The data below holds a line containing "ГОСТ 9222-87" and a line containing "Cracker Barrel Old"; please quote exactly those two lines and every line between them, and nothing else.

__Provided material__.
====
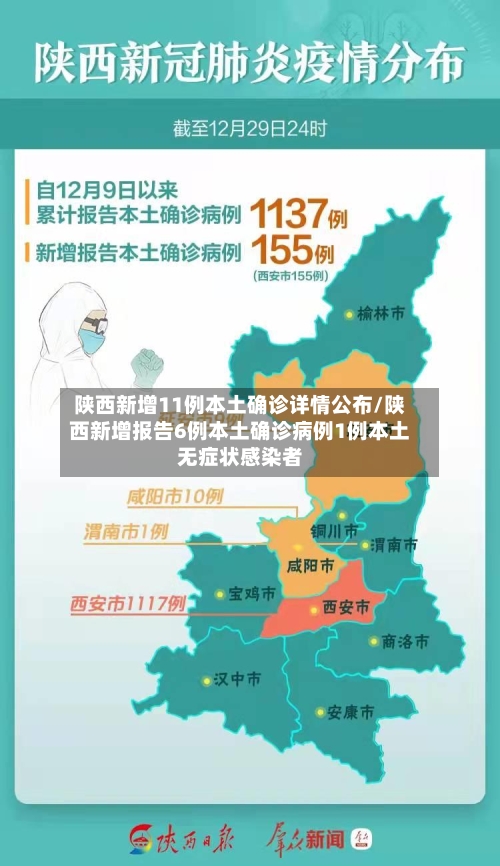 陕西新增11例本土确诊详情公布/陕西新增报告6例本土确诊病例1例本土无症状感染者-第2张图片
====
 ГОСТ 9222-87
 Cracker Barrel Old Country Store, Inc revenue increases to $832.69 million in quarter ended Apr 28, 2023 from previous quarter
====
__Written answer__.
 ГОСТ 9222-87
 Cracker Barrel Old Country Store, Inc revenue increases to $832.69 million in quarter ended Apr 28, 2023 from previous quarter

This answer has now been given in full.